Nach dem Startschuss im Herbst 2019 arbeiteten unsere Kolleg*innen Dr. Bernhard Harrer, Dr. Andrea Möller und Markus Kantsperger mit dem BfN sowie den Gebietsvertreter*innen zunächst an einem gemeinsamen Begriffsverständnis des nachhaltigen Tourismus speziell in Biosphärenreservaten und der Konkretisierung des Untersuchungsansatzes.

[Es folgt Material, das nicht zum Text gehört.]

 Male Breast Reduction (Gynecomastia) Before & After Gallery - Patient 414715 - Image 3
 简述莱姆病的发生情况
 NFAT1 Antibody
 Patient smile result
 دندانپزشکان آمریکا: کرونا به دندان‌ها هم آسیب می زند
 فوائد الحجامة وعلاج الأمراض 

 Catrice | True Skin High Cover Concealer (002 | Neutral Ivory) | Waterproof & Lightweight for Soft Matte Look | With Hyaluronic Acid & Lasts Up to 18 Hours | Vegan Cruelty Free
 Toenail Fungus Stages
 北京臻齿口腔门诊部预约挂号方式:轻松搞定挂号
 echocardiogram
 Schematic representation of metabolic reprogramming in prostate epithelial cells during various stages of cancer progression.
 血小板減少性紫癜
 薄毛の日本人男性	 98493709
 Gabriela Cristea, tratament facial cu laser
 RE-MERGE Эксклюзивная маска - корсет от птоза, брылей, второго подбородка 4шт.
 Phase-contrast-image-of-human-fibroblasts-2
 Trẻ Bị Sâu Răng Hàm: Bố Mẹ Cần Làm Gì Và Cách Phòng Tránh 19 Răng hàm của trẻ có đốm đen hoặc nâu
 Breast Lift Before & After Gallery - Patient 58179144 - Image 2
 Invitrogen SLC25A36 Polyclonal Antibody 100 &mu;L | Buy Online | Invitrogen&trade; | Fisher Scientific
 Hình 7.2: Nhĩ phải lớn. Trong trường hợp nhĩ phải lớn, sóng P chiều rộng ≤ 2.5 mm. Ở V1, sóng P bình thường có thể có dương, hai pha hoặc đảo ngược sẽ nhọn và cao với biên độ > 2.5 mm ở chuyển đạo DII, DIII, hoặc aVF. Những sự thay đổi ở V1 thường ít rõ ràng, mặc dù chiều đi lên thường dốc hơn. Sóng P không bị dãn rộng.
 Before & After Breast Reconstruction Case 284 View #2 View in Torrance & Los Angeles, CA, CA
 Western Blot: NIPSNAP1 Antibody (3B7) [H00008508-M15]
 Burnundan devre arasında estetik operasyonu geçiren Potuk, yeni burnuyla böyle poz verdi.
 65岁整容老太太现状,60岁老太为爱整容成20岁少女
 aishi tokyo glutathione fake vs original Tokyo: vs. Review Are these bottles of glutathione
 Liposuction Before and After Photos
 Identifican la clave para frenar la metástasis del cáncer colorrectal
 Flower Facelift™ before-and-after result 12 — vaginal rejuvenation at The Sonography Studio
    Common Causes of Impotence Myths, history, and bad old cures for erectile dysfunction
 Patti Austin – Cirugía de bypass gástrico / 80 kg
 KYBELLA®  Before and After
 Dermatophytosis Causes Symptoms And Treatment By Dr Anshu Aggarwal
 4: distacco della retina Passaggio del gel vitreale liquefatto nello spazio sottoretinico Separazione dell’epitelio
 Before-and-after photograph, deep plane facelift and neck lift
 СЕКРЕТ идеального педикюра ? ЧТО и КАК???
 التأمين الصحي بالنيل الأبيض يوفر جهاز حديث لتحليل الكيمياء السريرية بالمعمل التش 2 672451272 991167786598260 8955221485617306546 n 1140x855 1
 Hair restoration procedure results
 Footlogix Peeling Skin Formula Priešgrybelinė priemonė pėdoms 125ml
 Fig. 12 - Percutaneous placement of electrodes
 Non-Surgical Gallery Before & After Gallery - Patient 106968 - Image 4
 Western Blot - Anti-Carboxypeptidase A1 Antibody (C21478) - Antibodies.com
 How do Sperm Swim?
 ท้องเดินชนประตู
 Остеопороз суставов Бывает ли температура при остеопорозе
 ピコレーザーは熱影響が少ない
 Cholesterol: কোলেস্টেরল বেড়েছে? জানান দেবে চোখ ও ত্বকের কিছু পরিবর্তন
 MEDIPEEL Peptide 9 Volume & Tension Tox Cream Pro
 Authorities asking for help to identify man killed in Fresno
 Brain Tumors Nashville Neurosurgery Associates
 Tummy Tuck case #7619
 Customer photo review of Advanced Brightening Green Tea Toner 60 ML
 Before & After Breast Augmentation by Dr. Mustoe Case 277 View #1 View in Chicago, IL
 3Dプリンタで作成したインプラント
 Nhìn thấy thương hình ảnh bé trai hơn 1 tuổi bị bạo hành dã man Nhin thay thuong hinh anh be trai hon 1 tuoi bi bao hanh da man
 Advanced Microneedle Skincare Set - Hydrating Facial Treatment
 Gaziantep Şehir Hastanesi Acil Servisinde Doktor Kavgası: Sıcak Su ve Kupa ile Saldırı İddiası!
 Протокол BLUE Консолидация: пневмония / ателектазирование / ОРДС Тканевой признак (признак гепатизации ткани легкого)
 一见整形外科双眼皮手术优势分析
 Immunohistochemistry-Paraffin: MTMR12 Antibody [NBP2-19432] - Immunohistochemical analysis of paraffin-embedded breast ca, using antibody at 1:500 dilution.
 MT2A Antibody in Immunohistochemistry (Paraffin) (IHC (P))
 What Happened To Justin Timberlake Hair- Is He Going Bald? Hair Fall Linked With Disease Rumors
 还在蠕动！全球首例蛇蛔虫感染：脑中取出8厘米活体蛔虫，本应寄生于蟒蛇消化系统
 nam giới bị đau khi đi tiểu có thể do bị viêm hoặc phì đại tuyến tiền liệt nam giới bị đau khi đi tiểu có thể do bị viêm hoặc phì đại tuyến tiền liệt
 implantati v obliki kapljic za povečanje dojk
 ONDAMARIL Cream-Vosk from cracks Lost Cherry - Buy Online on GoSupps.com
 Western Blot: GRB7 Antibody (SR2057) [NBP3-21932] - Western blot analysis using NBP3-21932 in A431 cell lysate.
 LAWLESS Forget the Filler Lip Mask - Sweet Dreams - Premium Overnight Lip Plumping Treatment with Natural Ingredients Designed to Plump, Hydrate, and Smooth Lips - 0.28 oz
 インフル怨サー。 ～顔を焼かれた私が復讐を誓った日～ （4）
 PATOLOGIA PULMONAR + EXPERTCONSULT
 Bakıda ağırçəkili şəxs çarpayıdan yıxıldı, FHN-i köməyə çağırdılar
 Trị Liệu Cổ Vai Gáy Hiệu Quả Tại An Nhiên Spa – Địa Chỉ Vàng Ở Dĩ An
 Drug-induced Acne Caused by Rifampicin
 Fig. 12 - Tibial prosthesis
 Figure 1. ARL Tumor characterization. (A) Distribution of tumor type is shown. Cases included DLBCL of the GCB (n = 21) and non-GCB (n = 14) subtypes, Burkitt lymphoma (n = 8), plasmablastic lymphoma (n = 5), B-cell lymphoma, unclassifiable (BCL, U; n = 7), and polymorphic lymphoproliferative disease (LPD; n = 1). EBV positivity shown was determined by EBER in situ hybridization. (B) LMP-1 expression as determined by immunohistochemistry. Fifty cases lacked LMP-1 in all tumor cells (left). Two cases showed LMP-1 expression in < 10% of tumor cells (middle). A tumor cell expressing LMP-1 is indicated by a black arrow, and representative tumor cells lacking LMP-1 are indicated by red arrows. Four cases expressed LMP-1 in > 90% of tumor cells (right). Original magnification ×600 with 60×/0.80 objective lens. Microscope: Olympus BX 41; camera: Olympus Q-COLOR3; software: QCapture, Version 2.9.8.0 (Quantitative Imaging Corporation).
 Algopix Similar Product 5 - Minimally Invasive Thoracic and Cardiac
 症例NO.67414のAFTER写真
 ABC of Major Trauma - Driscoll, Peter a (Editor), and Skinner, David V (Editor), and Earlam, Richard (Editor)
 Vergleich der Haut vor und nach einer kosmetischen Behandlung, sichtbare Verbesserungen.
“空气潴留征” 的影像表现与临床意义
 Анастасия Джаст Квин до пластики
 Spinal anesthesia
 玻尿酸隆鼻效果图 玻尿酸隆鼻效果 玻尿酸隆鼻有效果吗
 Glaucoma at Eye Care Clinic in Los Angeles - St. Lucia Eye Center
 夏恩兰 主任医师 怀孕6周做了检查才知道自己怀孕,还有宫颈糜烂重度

Denn für eine Analyse nachhaltiger Regionalentwicklungsansätze durch Tourismus standen viele Anknüpfungspunkte im Raum: Von nachhaltiger Anreise und Mobilität, Aktivitäten oder Erlebnissen in der Natur, regional sowie nachhaltig erzeugter Kulinarik bis hin zur umweltgerechten Betriebsführung touristischer BR-Partnerschaftsbetriebe.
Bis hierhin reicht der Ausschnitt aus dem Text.